'''
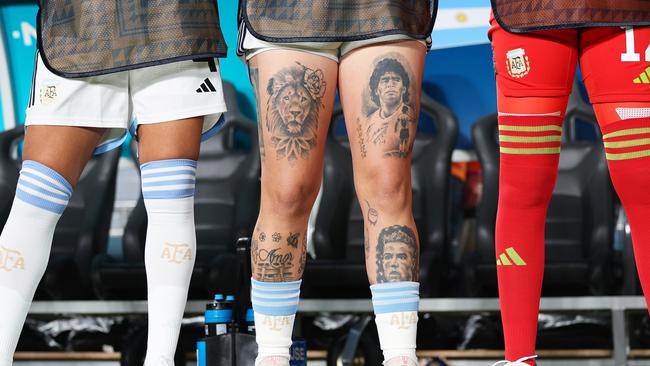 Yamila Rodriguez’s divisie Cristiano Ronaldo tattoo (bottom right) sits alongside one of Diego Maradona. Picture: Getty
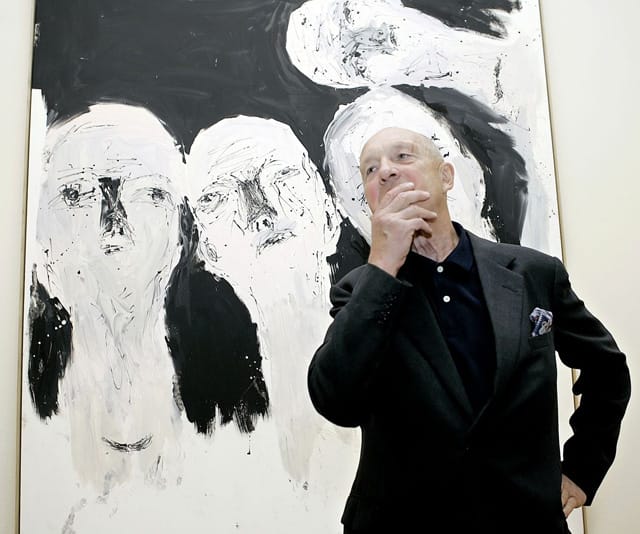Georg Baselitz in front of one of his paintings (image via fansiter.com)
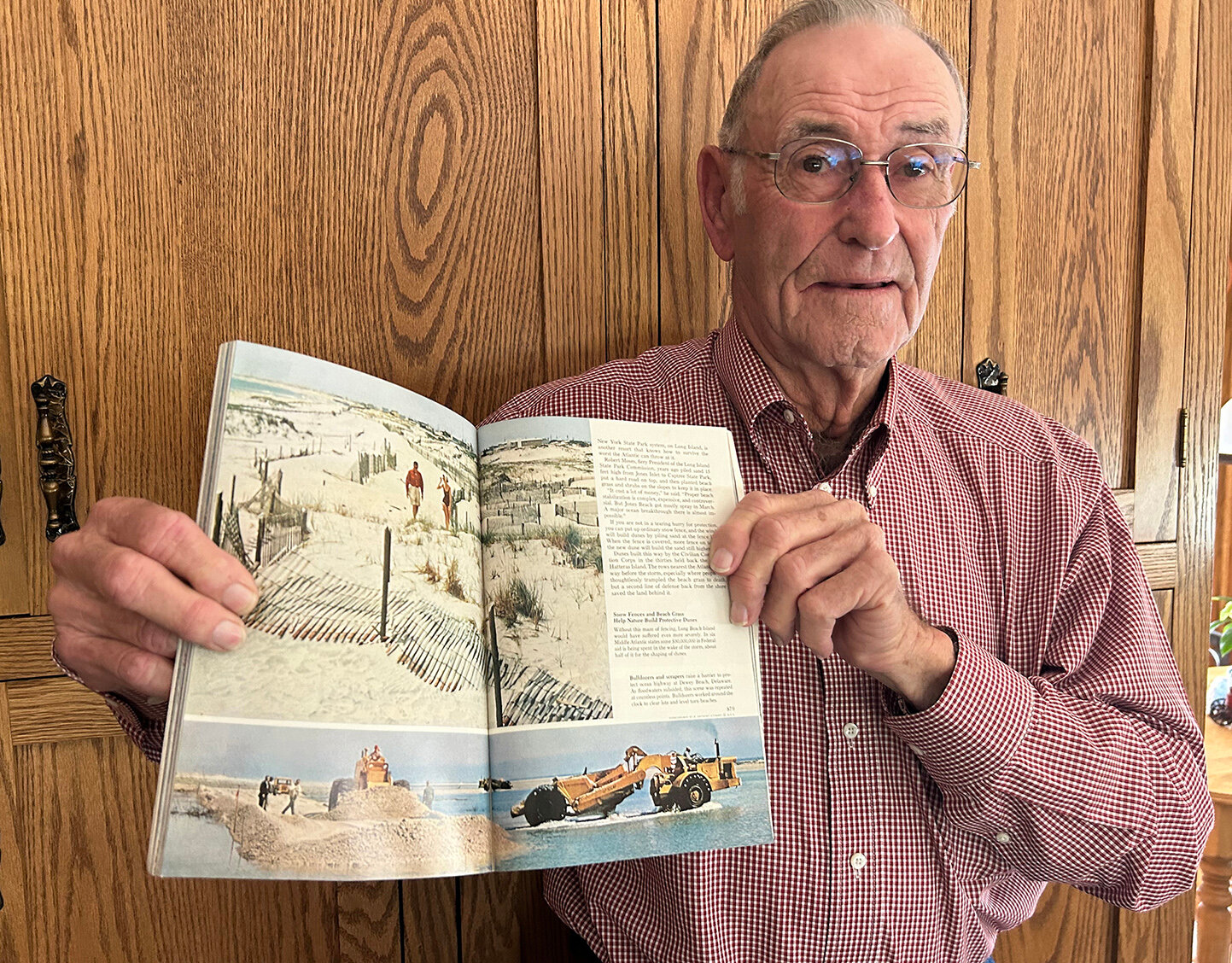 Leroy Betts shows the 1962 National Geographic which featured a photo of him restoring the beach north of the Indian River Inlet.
'''
--- TASK DETAILS ---
Reproduce every line above word for word; no images.

--- EXERCISE RESULT ---
 Yamila Rodriguez’s divisie Cristiano Ronaldo tattoo (bottom right) sits alongside one of Diego Maradona. Picture: Getty
Georg Baselitz in front of one of his paintings (image via fansiter.com)
 Leroy Betts shows the 1962 National Geographic which featured a photo of him restoring the beach north of the Indian River Inlet.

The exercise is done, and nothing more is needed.